# Another nymph housing question



## Sharno (Mar 23, 2017)

Heya!

I've bought many juvinile mantids from the exotic pet store and right now I have a few oothecas instead.  Many years ago I hatched nymphs this way and kept 3-4 and released the rest into the yard.  This time I plan to keep a lot more. 

I'm looking for a good solution for being able to house 20 or so (individuall) -- is a small deli cup with holes poked in the top ok?  And a fake flower stem for perching.  I assume there is no way to get them not to stand on the lid upside down?  Easy to work around it for feeding but it makes me wonder if the little flower stem is even worth it since they all prefer to be upside down on the lid.

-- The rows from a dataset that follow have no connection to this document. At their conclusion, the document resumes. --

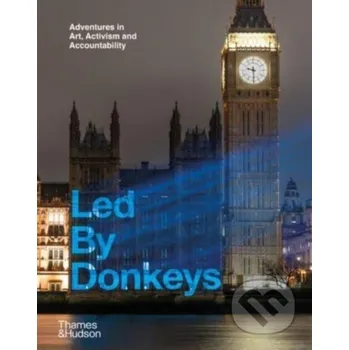 Led By Donkeys - Led By Donkeys Thames & Hudson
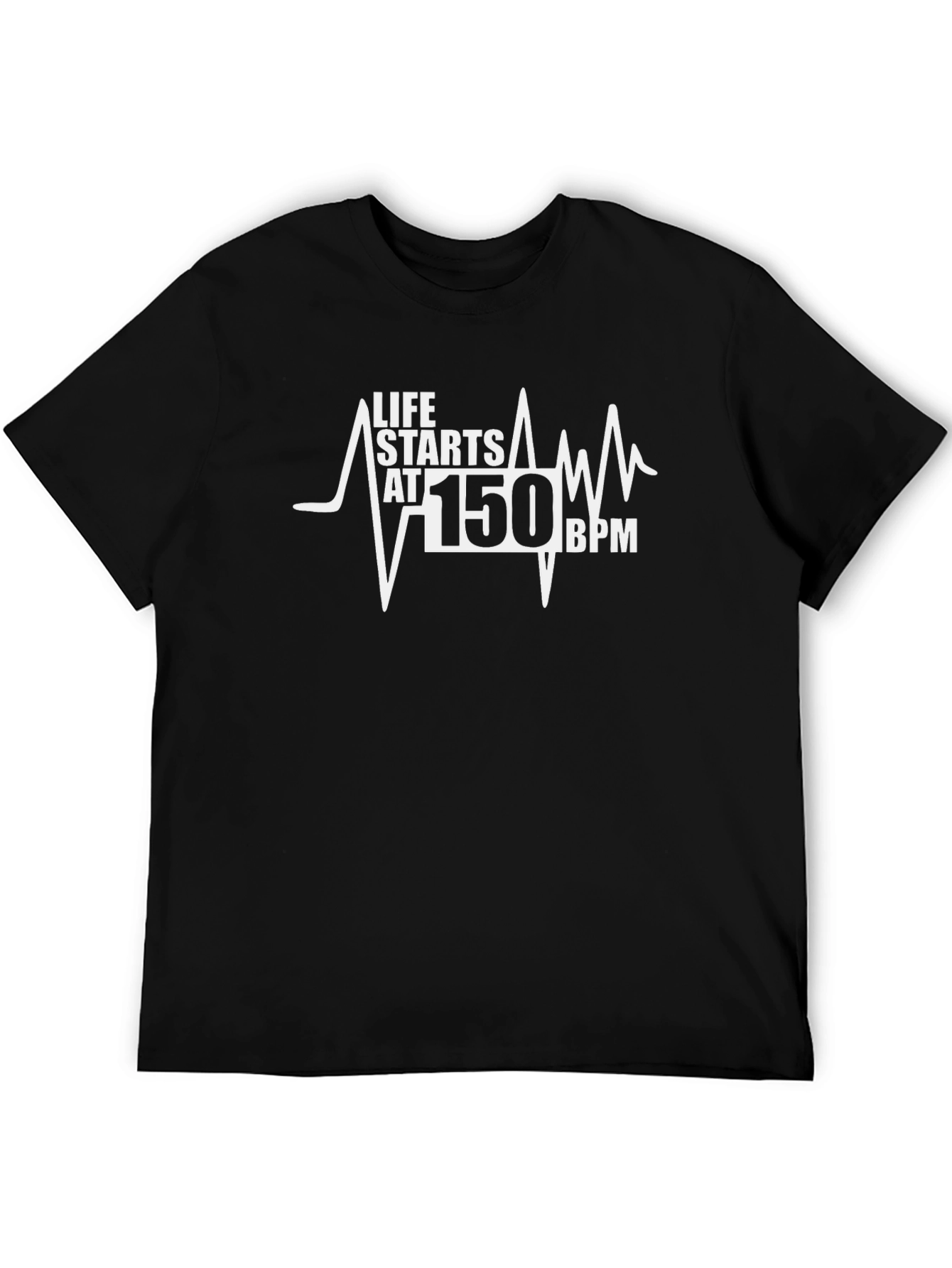Life Starts at 150 BPM T-Shirt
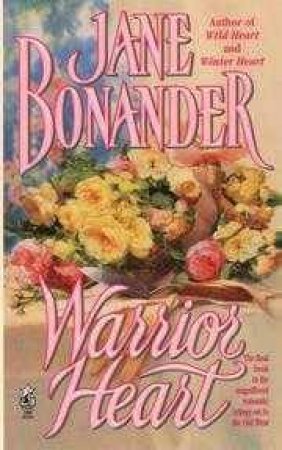 Warrior Heart by Jane Bonander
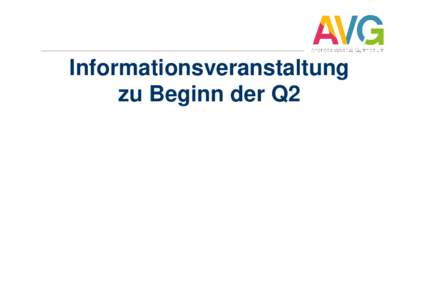 Info Beginn Q2 [Kompatibilitätsmodus]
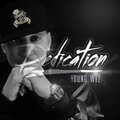 Young Wiz - Dedication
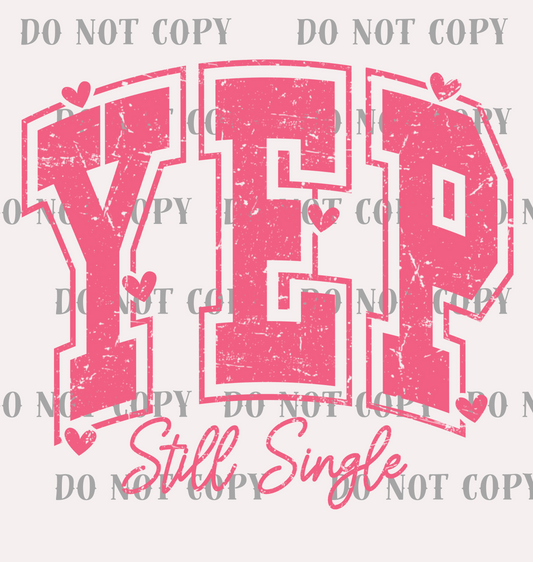 Valentine's Yep Still Single DTF Print SKU V111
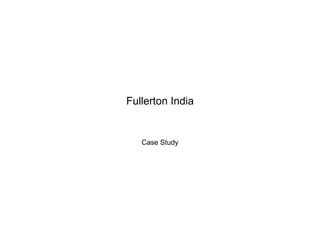Fullerton India Case Study 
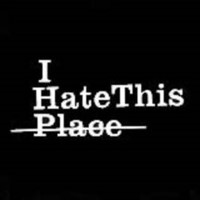 I Hate This Place圖片照片_I Hate This Place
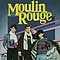 Moulin Rouge - Moulin Rouge! album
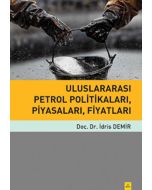 Uluslararası Petrol Politikaları Piyasaları Fiyatları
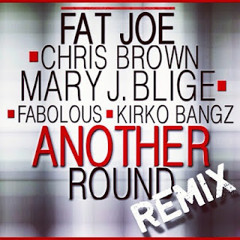 Fat Joe feat. Chris Brown, Mary J Blige, Fabolous & Kirko Bangz - Another Round Remix (CDQ) [HM]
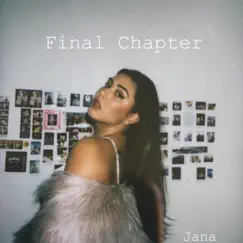 Final Chapter - Single by Jana album reviews, ratings, credits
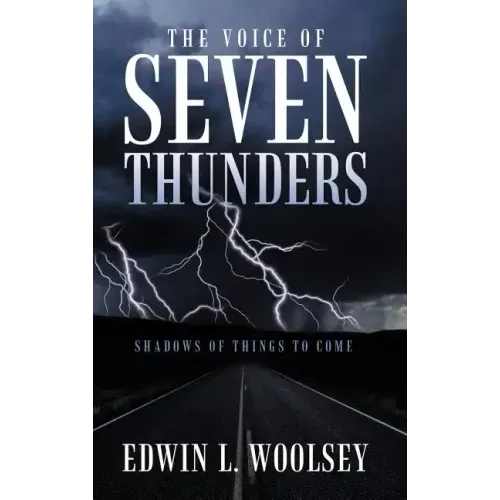 The Voice Of Seven Thunders: Shadows Of Things To Come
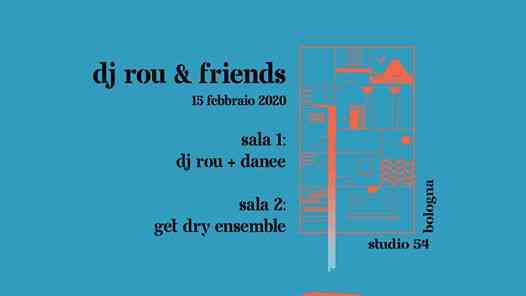 Dj Rou & Friends with Danee + Get Dry Ensemble at Studio54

What is the biggest quantity people have kept fresh out of the egg case and taken care of, and whats the most effective set of small containers?

Thanks!


----------



## Mantis Life (Mar 23, 2017)

I've used like 12-24oz clear cups and just covered the tops with soft fine mesh secured with rubber bands. It's easy to mist them that way and its a nice surface for them to molt on. You could toss in some moss or a paper towel on the bottom to help with humidity and just cut a small feeding hole on the side of each cup for flies and seal it shut by stuffing a piece of foam/sponge in it.


----------